A Haitian migrant is tested for COVID-19 in Port-au-Prince, Haiti, Sept 20, after U.S. authorities flew him and fellow migrants out of Texas. (CNS/Reuters/Ralph Tedy Erol)
In the Sept. 30 interview with GSR, Indian Sr. Teresa Kotturan, who represents the Sisters of Charity Federation at the United Nations, said she was particularly bothered by the apparent racism on display.

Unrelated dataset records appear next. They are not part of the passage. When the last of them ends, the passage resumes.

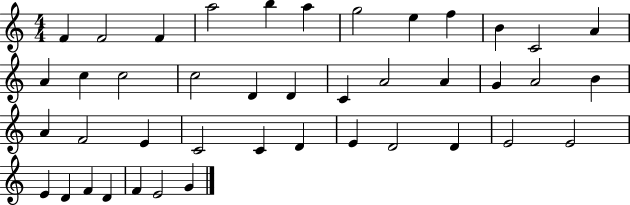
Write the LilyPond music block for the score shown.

{
  \clef treble
  \numericTimeSignature
  \time 4/4
  \key c \major
  f'4 f'2 f'4 | a''2 b''4 a''4 | g''2 e''4 f''4 | b'4 c'2 a'4 | \break a'4 c''4 c''2 | c''2 d'4 d'4 | c'4 a'2 a'4 | g'4 a'2 b'4 | \break a'4 f'2 e'4 | c'2 c'4 d'4 | e'4 d'2 d'4 | e'2 e'2 | \break e'4 d'4 f'4 d'4 | f'4 e'2 g'4 | \bar "|."
} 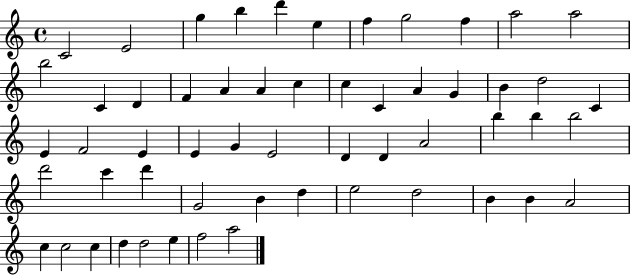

"Color mattered," Kotturan said. "The color of the people who were at the border did matter in the way they were treated. There was no dignity, no awareness that we are all God's children, and they're there out of despair. It was unbelievable, because you have other borders, which they don't resort to this kind of wildland treatment, like cattle being cornered."
Colapietro concurred on the racism issue, saying the photographs and video images of what occurred at the border are emblazoned on her and others' memories.
"I will never get that picture out of my mind of the white man on a horse using his range to whip a black man who's on the ground.
"That picture just encapsulates the history of Haiti and its relationship to the world, and it hasn't changed."
Colapietro and others involved with the coalition have for months been saying that the situation in Haiti – already perilous even in the best of times — has been deteriorating for years because of the rise of gang violence that human rights groups say was due to an alliance between the gangs and the Moïse government.
Colapietro said "crushing violence" is the everyday norm in Haiti now.
"It penetrates everything that people do who can no longer travel, can no longer go to work, can't visit people in the hospital, can't go to the market. The gangs are now posting guards on each end of the market, so you've got to pay a fee coming and going. Vendors have to pay a fee if they want to sell their goods."
"Violence," Colapietro said, "is enslaving Haitians."